Ali Yıldız
Toplu Sözleşme Masası da Dünyayı Selam Yurdu Kılmak da Mücadele Alanımızdır
Ünlü bilim insanı Albert Einstein “3. Dünya Savaşı'nda hangi silahların kullanılacağını bilmiyorum ama 4. Dünya Savaşı'nda taş ve sopalar olacağını biliyorum” sözünü nükleer silahların tehlikesine ve bütün uygarlığı yeniden taş devrine dönüştüreceğine dair öngörüsünün sonucu olarak söylemiştir.
Bir yıldan fazla süredir İsrail’in Gazze saldırıları, Rusya-Ukrayna savaşı ve ABD’nin Ukrayna’ya verdiği ve kullanabilirsiniz dediği ATACMS füzeleri dünyayı nükleer tehditle burun buruna getirdi. Üçüncü dünya savaşı mı çıkıyor? Çıkarsa ne olur? Bu gidiş nereye soruları bu günlerde bir çoğumuzun zihnini meşgul ediyor.
Şu son birkaç on yılda dünya genelindeki savaşlara, karışıklıklara baktığımızda Müslümanların yaşadığı bölgelerin dışardan ve içerden müdahalelerle karıştırıldığını görüyoruz. ABD Irak’ta, Afganistan’da bir milyondan fazla Müslümanı katletti. Rusya Çeçenistan’da, Afganistan’da, Suriye’de on binlerce kardeşimizi katletti.

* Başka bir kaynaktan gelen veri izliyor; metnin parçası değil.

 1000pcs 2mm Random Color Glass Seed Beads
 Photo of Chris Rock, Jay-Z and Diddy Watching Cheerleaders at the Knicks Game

Çin onlarca yıldır Müslüman Doğu Türkistanlı kardeşlerimize en rezil asimilasyon ve soykırım siyasetini uyguluyor. Bosna’da milyonlarca kardeşimiz yok edildi. Afrika’da, Asya’da, Avrupa’da hep öldürülen biziz.
Bu mazlumiyetimizin nedenini sorgulamamız lazım. Arakan’da milyonlarca kardeşimiz yurtlarından edildi, on binlercesi katledildi. 2 milyar Müslüman boğazlanmayı bekleyen koyunlar gibi sıranın kendilerine gelmesini bekliyorsa külahı önümüze koyup düşünmemiz lazım. Bütün bunlar bizlerin yani Müslümanların dünyada sözünü yitirmiş olmasındandır. Bütün bunlar birliğimizi dirliğimizi kaybetmiş olmamızdandır. Bütün bunlar medeniyet değerlerimizden kopmuş olmamızdandır.
Oysaki dünya hala adaleti bizden bekliyor. Çünkü dünyaya adaleti getirebilecek tek potansiyel bizim medeniyetimizdir. Ama o potansiyeli harekete geçirecek donanımlardan yoksunuz. O güç orada uyur vaziyette duruyor. Bu gücü uyandırmak her birimizin üzerine farzı ayn’ dır. Rengi, dil,i inancı ne olursa olsun dünyanın her yerinde ezilen insanlığın bize ihtiyacı var. Kapitalizmin ezdiği, tabir yerindeyse köleleştirdiği emekçilerin bizlere ihtiyacı var. Sınırsız hazza dayalı üretim ve tüketim düzeninin yok ettiği doğanın bize ihtiyacı var. Bunun için o potansiyeli harekete geçirmek zorundayız.
Dayandığımız inanç ve medeniyet değerlerimize, öze, fıtrata, ahlaka, bilgiye dönmek zorundayız. Diyanet-Sen olarak bu değerlerin en güçlü taşıyıcısı bizleriz. O nedenle bize herkesten daha fazla sorumluluk düşüyor. Konformizme düşme, tembellik etme, makam mevki peşinde koşup okçular tepesini terk etme lüksümüz yok.
Biz İslam medeniyetinin hamilleriyiz. Bizim sendikacılığımız değerler sendikacılığıdır. O nedenle toplu sözleşme masası mücadele sahamız olduğu gibi, bizlere mescid kılınmış dünyayı selam yurdu kılmak da mücadele alanımızdır.